Suara.com - Pengamat hukum tata negara dari Universitas Nusa Cendana (Undana) Kupang Johanes Tuba Helan menilai sebagian petitum Prabowo - Sandiaga dalam gugatannya ke Mahkamah Konstitusi (MK) sudah di luar konteks. MK pun tidak bisa menyelesaikan petitum itu.
Jika ada pelanggaran dalam pelaksanaan pemilu menjadi kewenangan Badan Pengawas Pemilu (Bawaslu), peradilan TUN dan peradilan umum untuk kasus pidana. Sedangkan Mahkamah Konstitusi (MK) hanya menangani sengketa hasil Pemilu.
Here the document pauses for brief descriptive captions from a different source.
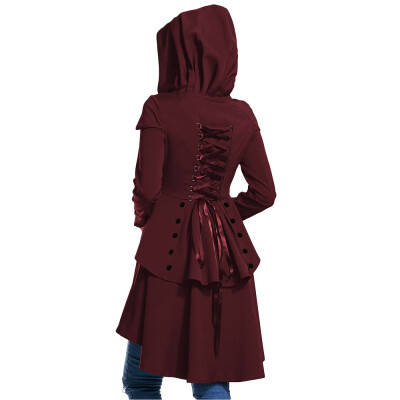 

Layered Lace Up High Low Hooded Coat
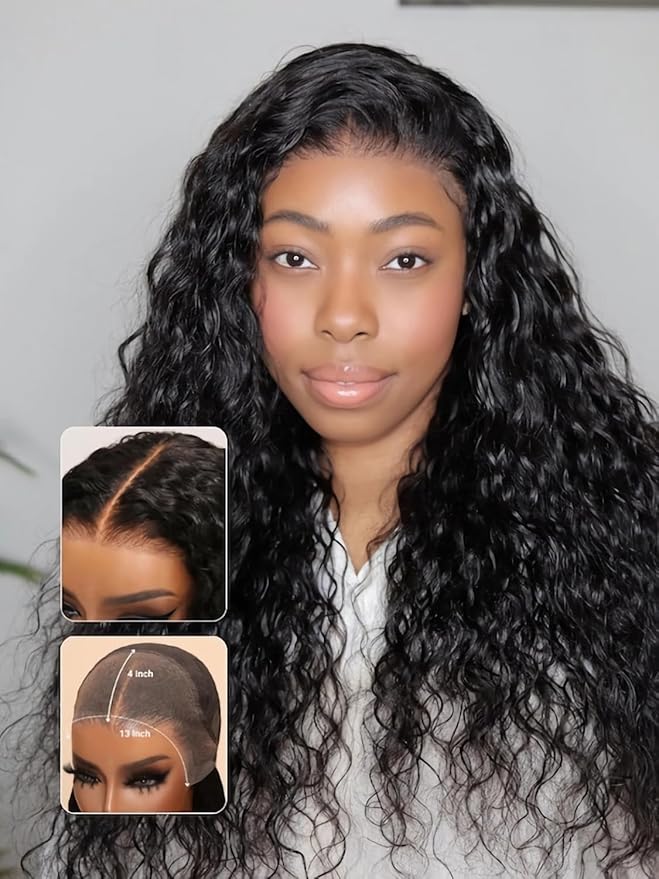 Julia Hair Bye Bye Knots Wig 13x4 Glueless Wigs Human Hair Mixed Curls Water Wave and Jerry Curly Fluffy Wig Pre Everything Pre Plucked Pre Cut HD Lace Bleached Knots Natural Black 16 Inch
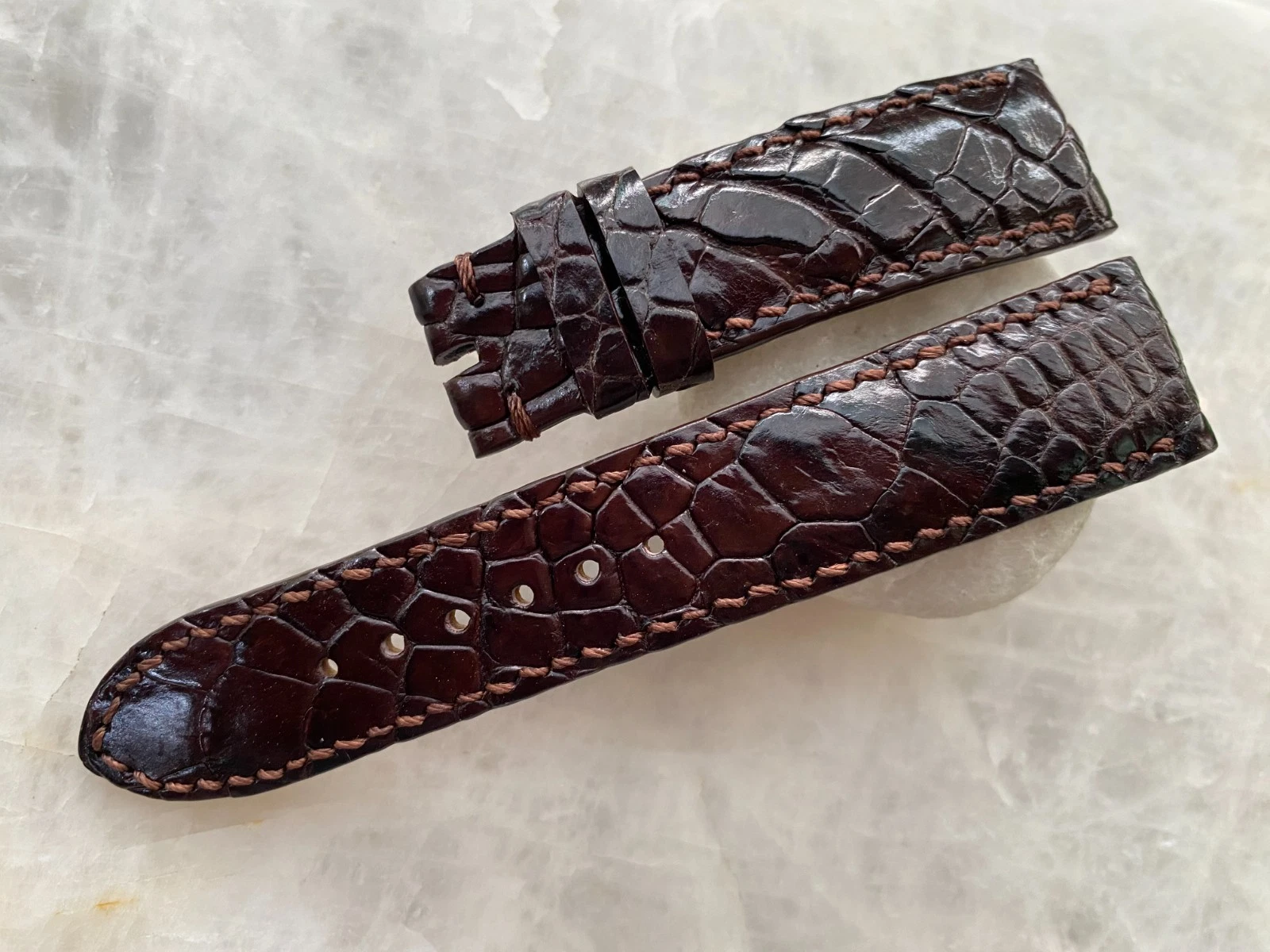 22mm/20mm Brown Alligator Crocodile Print Leather Watch Strap Band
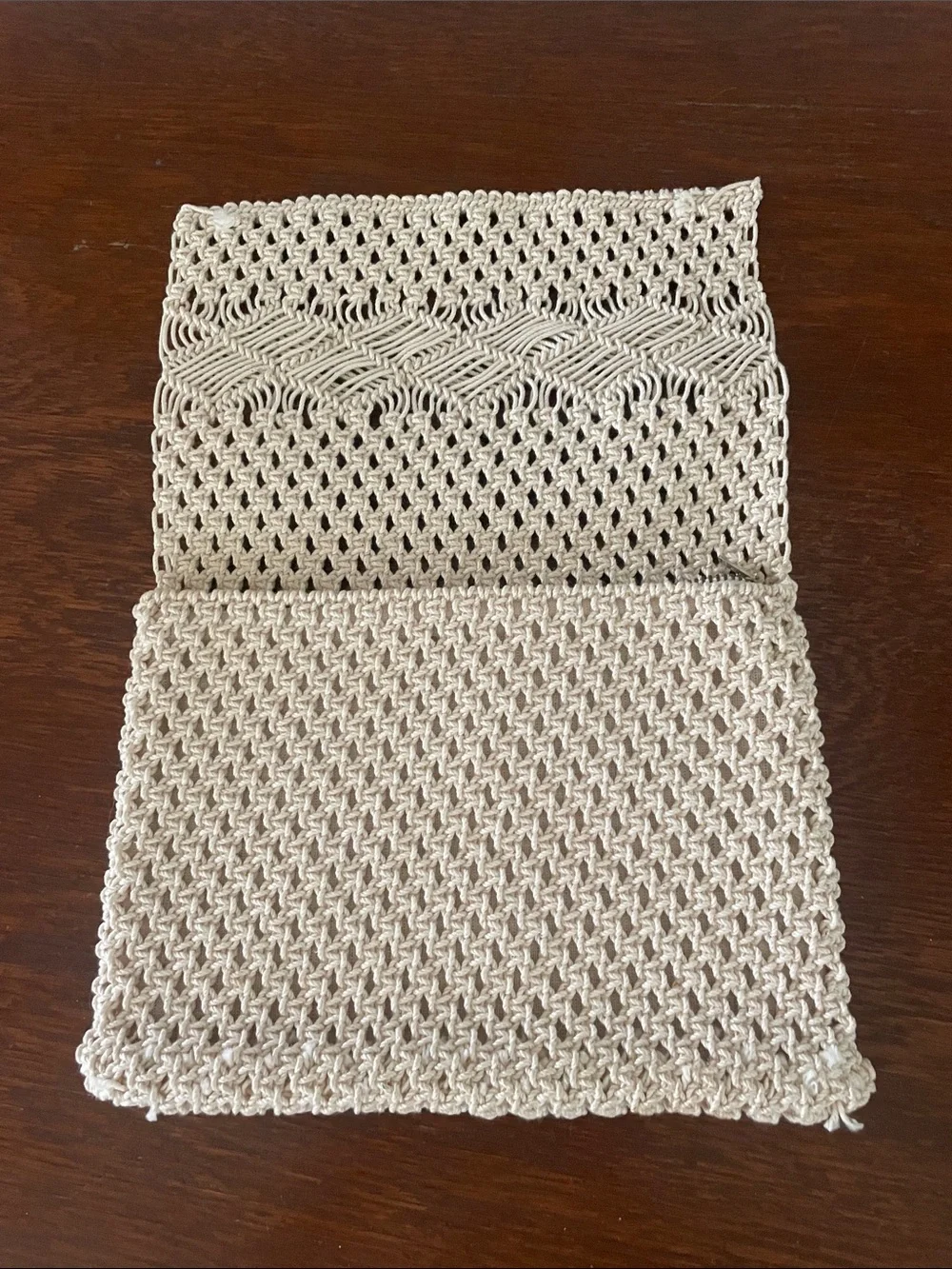 Handmade Cream Crochet Clutch Bag like new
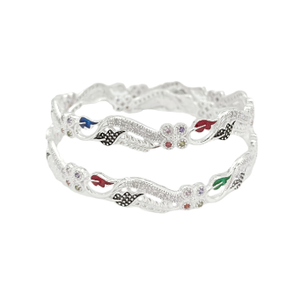 Enemled Leaf 925 Silver Bangle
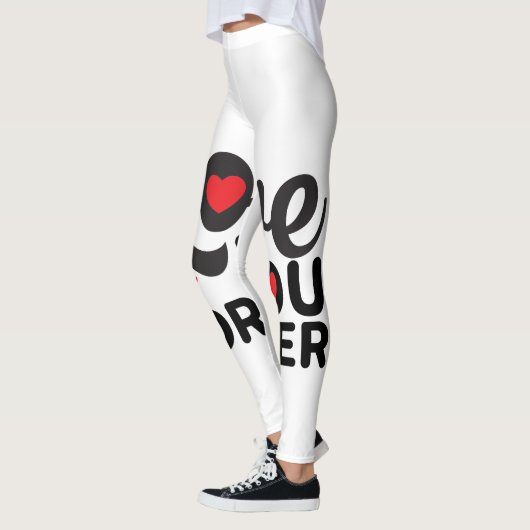 Mooie rode en witte Valentijnsdagen Leggings (Links)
"Menurut saya, dari 15 petitum permohonan yang disampaikan ke MK, sebagiannya sudah diluar konteks, yang tidak dalam kewenangan MK," kata Johanes Tuba Helan saat dihubungi, Senin (17/6/2019).
Petitum permohonan yang meminta Mahkamah Konstitusi mendiskualifikasi pasangan calon Jokowi - Maruf Amin.
Baca Juga: Sidang Gugatan Prabowo di MK Kembali Digelar Besok, Ini Agendanya
Permintaan diskualifikasi pasangan calon ini tidak lazim masuk dalam Permohonan Hasil Pemilihan Umum (PHPU).
Petitum lainnya adalah meminta Hakim Konstitus memberhentikan komisioner Komisi Pemilihan Umum (KPU), dan melakukan proses pergantian komisioner yang baru, tetapi disisi lain tim hukum Prabowo - Sandiaga juga meminta ada pemungutan suara ulang.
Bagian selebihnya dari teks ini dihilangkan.